First time EV buyers are often worried about range anxiety – that feeling of being caught short on flat batteries miles from a charging point. Yet also of concern is the actual life of the battery pack. Experience with mobile phones, tablets and laptop computers has taught consumers that, over time, the batteries powering them can lose efficiency, resulting in the need for more frequent charging. So should you be worried? Well the good news is EV cells are more resilient than you’d think, plus there are ways to make sure your car’s batteries will survive better than most.
Electric car battery life
After range anxiety, battery life is one of the most common concerns for people making the jump from internal combustion-engined cars to EVs. All batteries degrade over time and with use, meaning they become less efficient as they age and, ultimately, the range of your car is reduced. Furthermore, battery technology doesn’t come cheap, and by the time the cells are in need of replacement they will cost far more to buy than the car will likely be worth – which is why we tend to replace mobile phones in their entirety rather than replace the battery pack. Yet it’s not all bad news, because there are ways to increase the lifespan of your car’s battery, keeping it healthier and more efficient for longer. More importantly, while performance may degrade over time, ultimately the cells should still be providing at least 70 percent of their capacity even after 200,000 miles.
Why does an electric car battery lose charge or degrade?
Continual advances in battery technology mean that issues surrounding degradation of performance are being reduced all the time. However, even the latest lithium-ion cells aren’t completely immune to losing performance over time, with a number of factors playing a role. Perhaps the biggest single contributor to the decline in efficiency is the cycle of use and charging. Frequent draining of the cells followed by a full charge can, over time, damage the battery’s ability to maintain its optimum energy storage – it’s why manufacturer’s typically recommend charging only to 80 percent and never letting the range drop to zero miles.
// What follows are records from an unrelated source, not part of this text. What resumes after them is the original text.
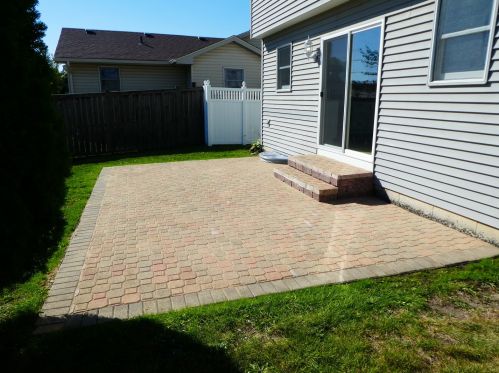 7002 Monmouth Dr, Joliet IL 60431-6042 exterior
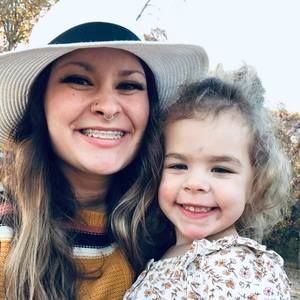 Meet your Posher, Raegan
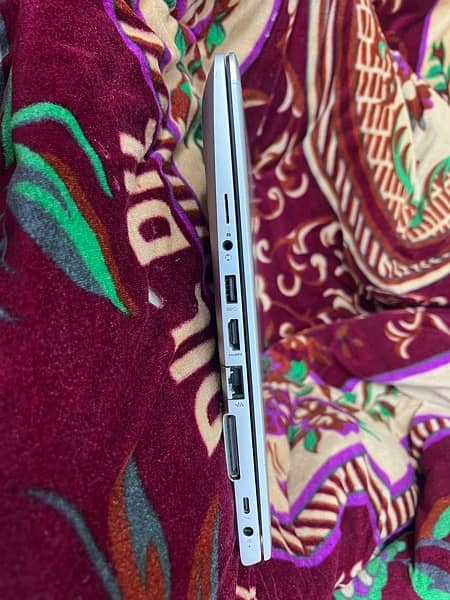 HP ELITEBOOK G5 840 i5 8TH GEN 6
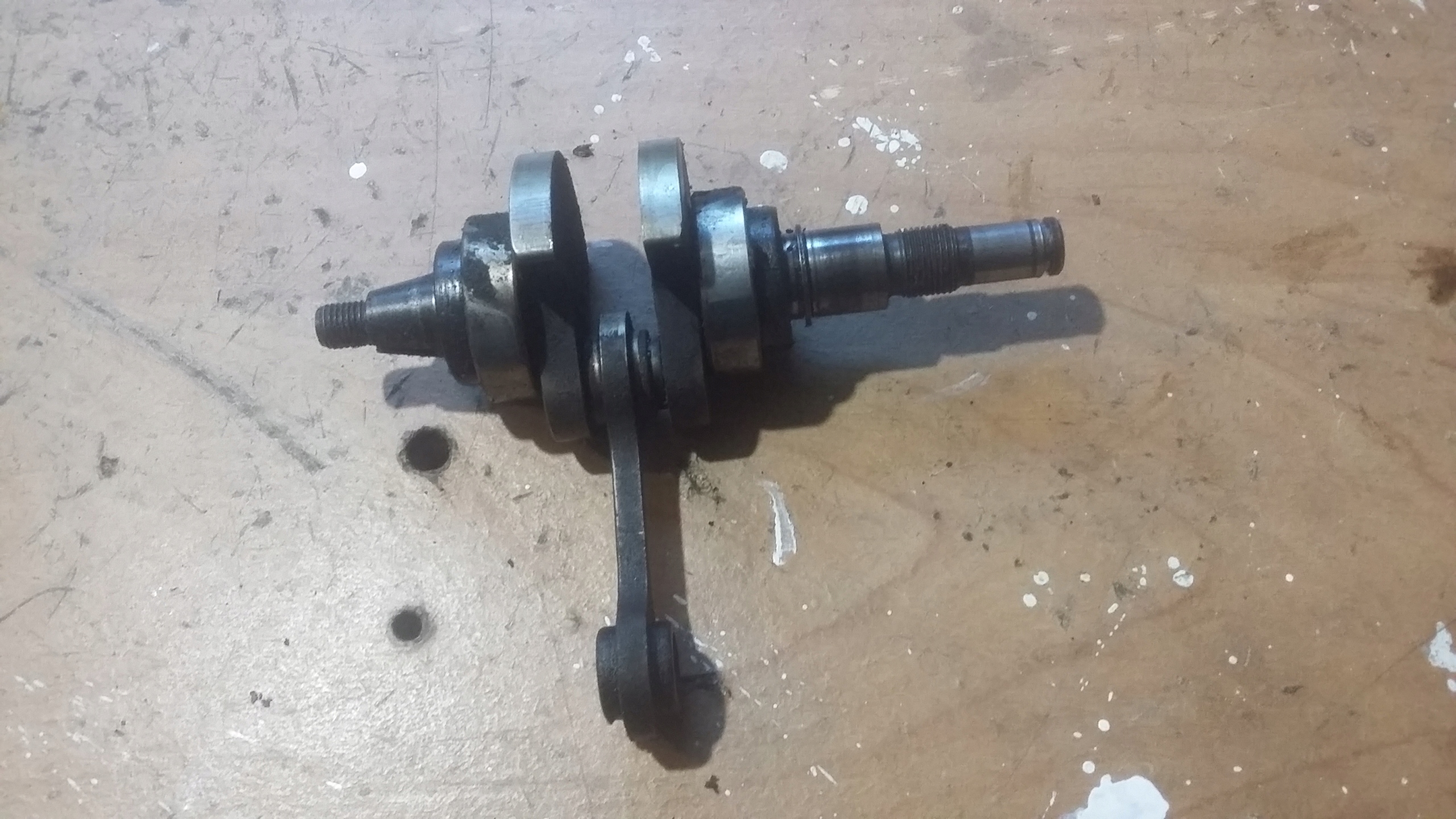 Stihl 018 pilarka wał korbowy oryginał P-10 Typ silnik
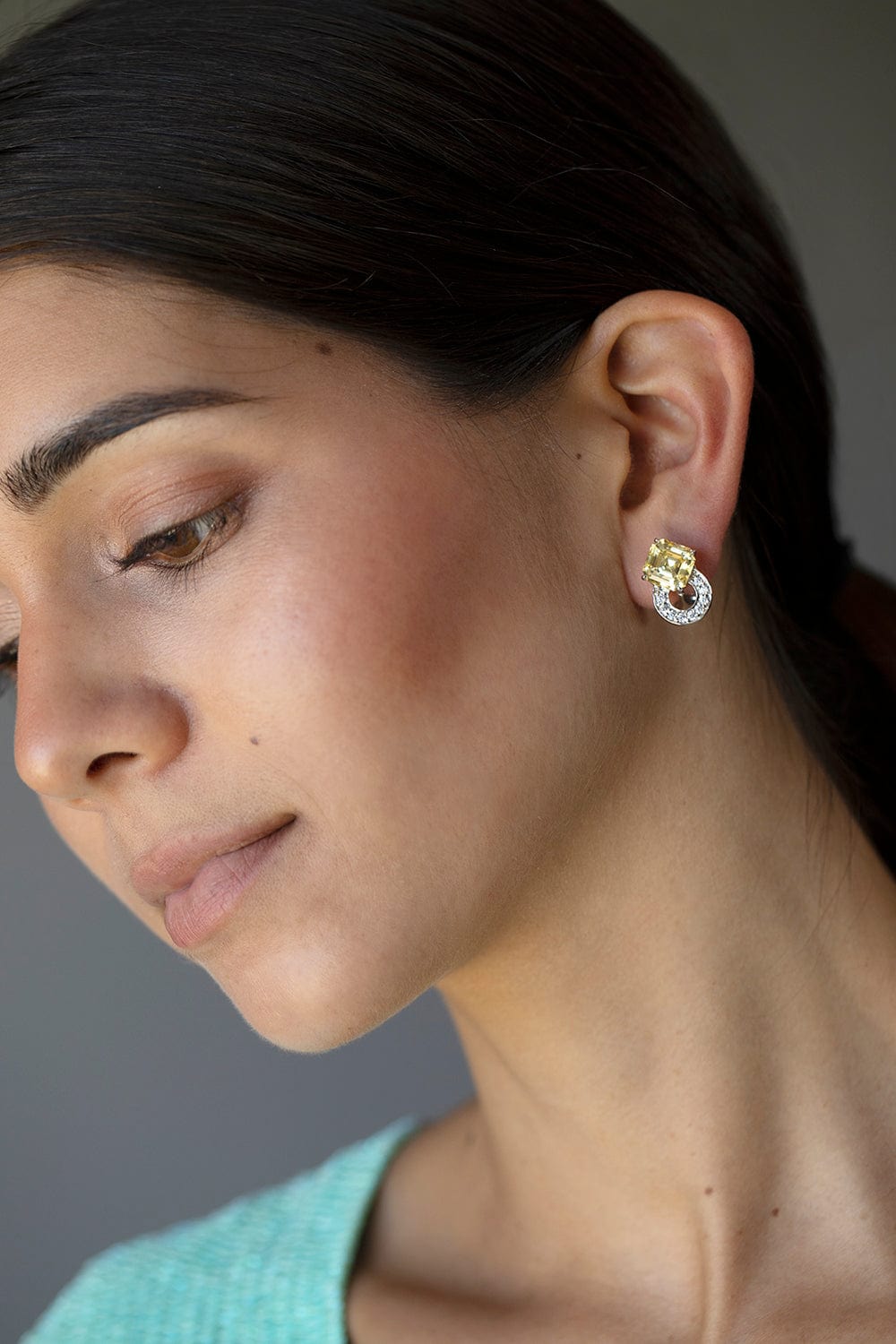 FANTASIA by DESERIO-Canary Asscher with Circle Earrings-WHITE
Rapid charging also plays a part, because channeling so much electrical energy and so quickly generates much higher temperatures in the battery pack. Liquid cooling of the cells helps mitigate this, but use a rapid charger frequently and over time these extreme heat cycles will cause damage to the lithium ion packs. In a similar but less extreme way, cars that are used in hotter climates tend to suffer a subtly greater reduction in performance than those in cooler conditions.
Most car warranties are around three years and 60,000 miles, but this is increased for the battery element in EVs. For instance, Audi, BMW, Jaguar, Nissan and Renault cover the cells for 8 years and 100,000 miles, while Hyundai ups the mileage limit to 125,000. Tesla has the same 8 year timeframe but no mileage ceiling (apart from the Model 3, which is set at 120,000 miles). And apart from Audi and Tesla, most include a maximum allowable capacity (between 70 and 75 percent) for the battery, which will trigger a replacement if it dips below this figure during the warranty period.